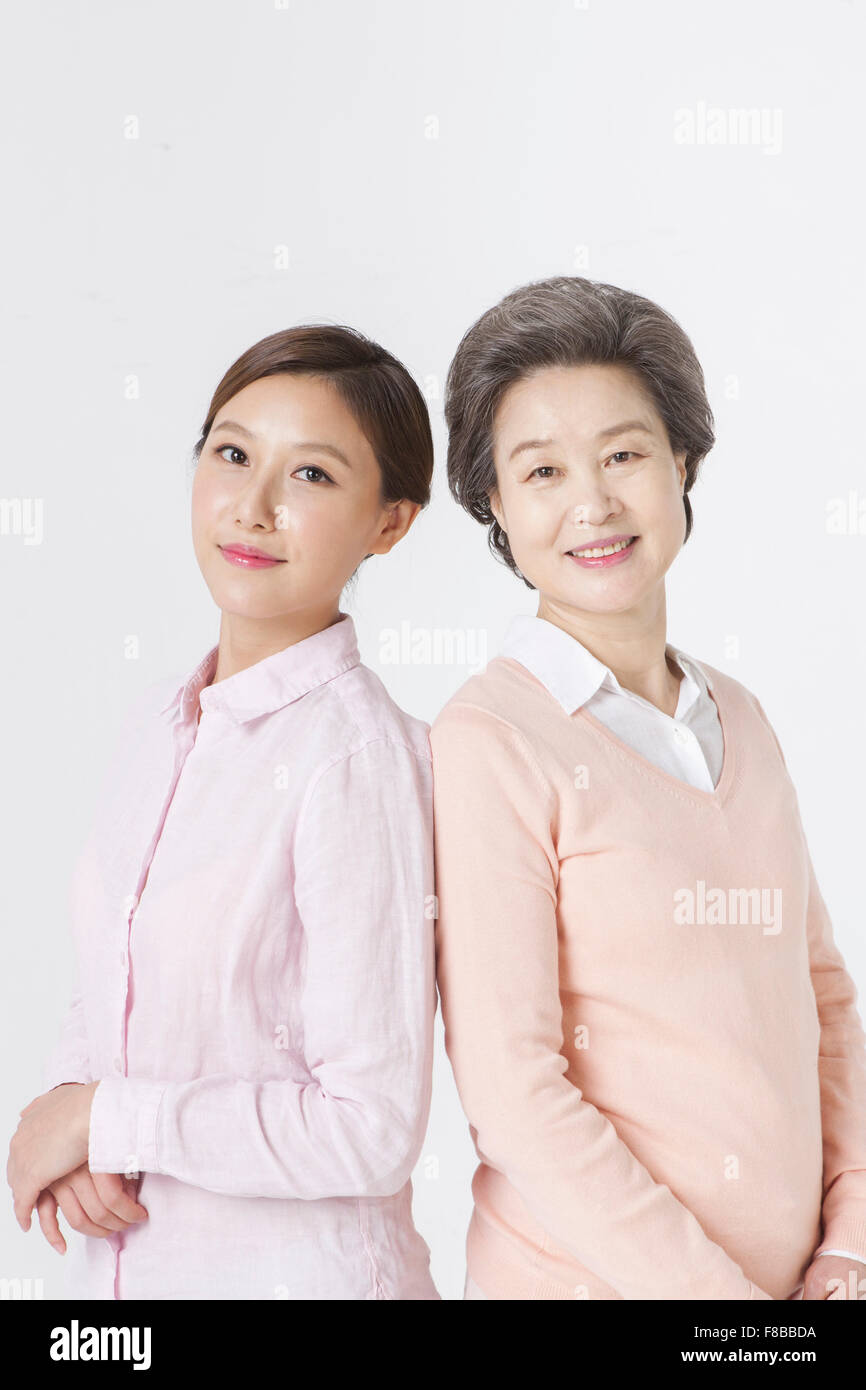 Mère et fille grandi debout dos à dos les uns les autres et de l'avant avec un sourire Banque D'Images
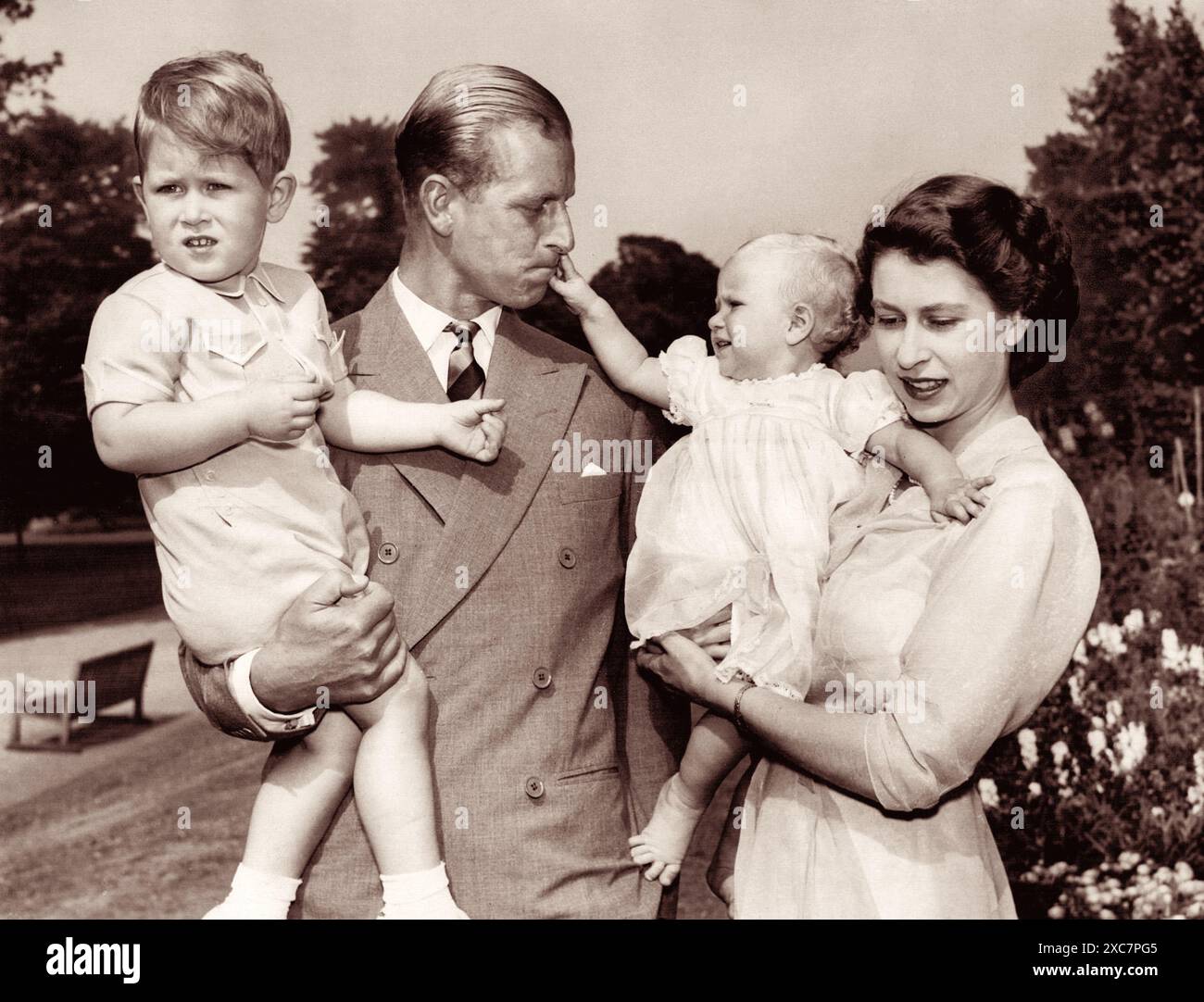 Prince Philip, Princess Elizabeth, and their children Charles and Anne, at Clarence House in London on August 10, 1951. (UK) Stock Photo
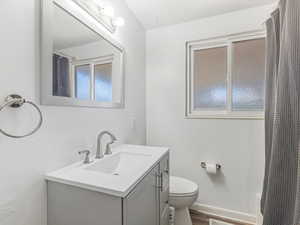 Full bath with vanity, shower / bath combo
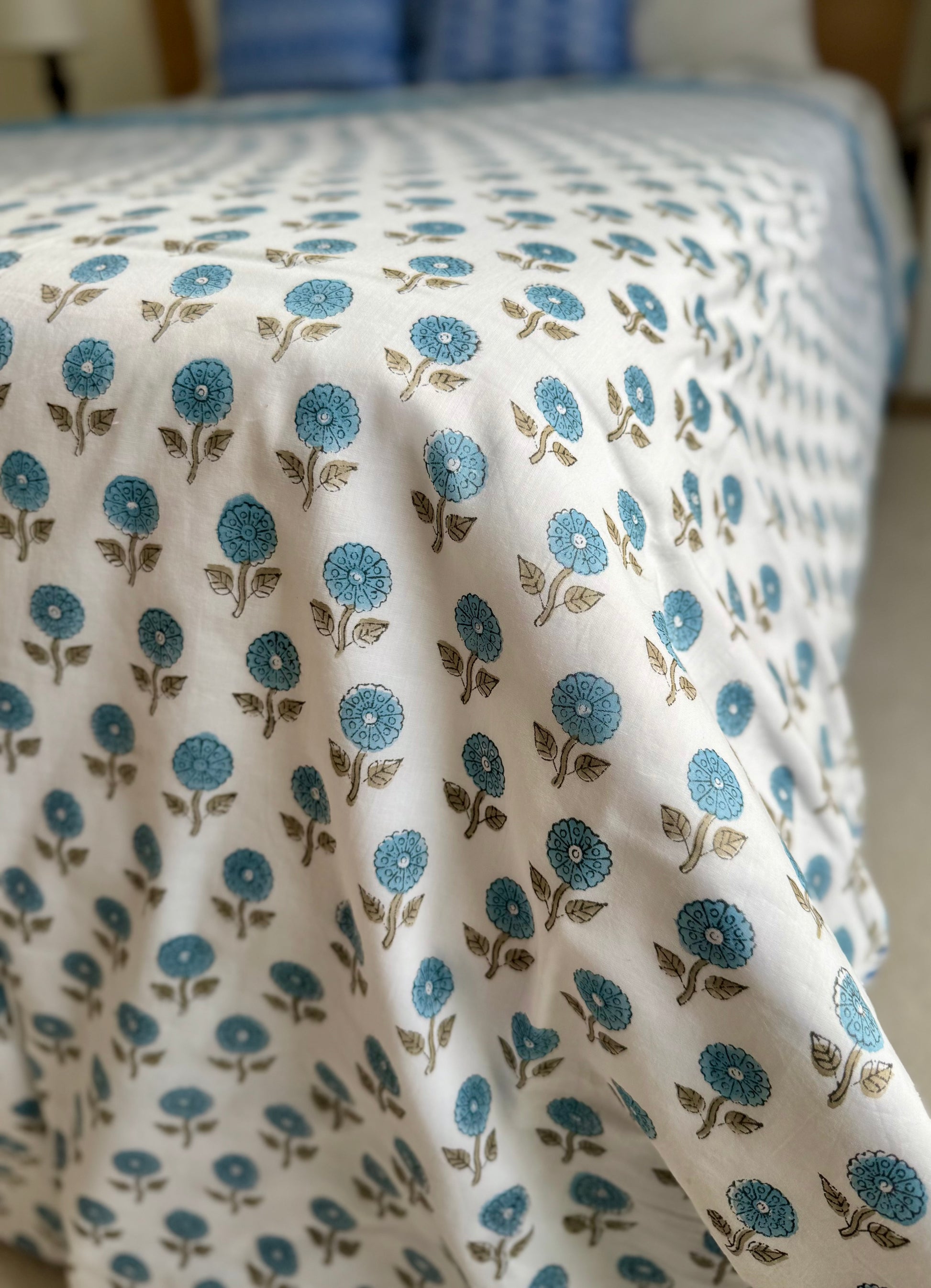 House of Mulmul - Coverlet Dohar blanket. Bedroom with reversible cotton coverlet blanket. Muslin dohar with palms cypress leaf and blue and brown colors, white background.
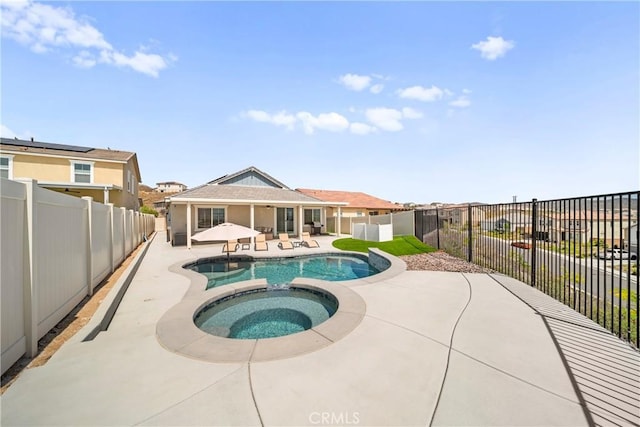 45105 Quicksilver Rd, Lake Elsinore, CA 92532 - view of swimming pool featuring a patio, a fenced backyard, and a pool with connected hot tub
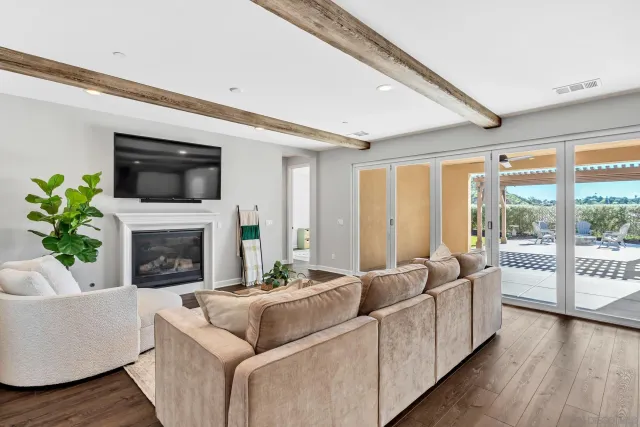 a bathroom with a granite countertop toilet sink and mirror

[Task item]
Wherever a picture appears in the material above, skip it and copy the rest without change.

[Response to the task]
 Mère et fille grandi debout dos à dos les uns les autres et de l'avant avec un sourire Banque D'Images
 Prince Philip, Princess Elizabeth, and their children Charles and Anne, at Clarence House in London on August 10, 1951. (UK) Stock Photo
 Full bath with vanity, shower / bath combo
 House of Mulmul - Coverlet Dohar blanket. Bedroom with reversible cotton coverlet blanket. Muslin dohar with palms cypress leaf and blue and brown colors, white background.
 45105 Quicksilver Rd, Lake Elsinore, CA 92532 - view of swimming pool featuring a patio, a fenced backyard, and a pool with connected hot tub
 a bathroom with a granite countertop toilet sink and mirror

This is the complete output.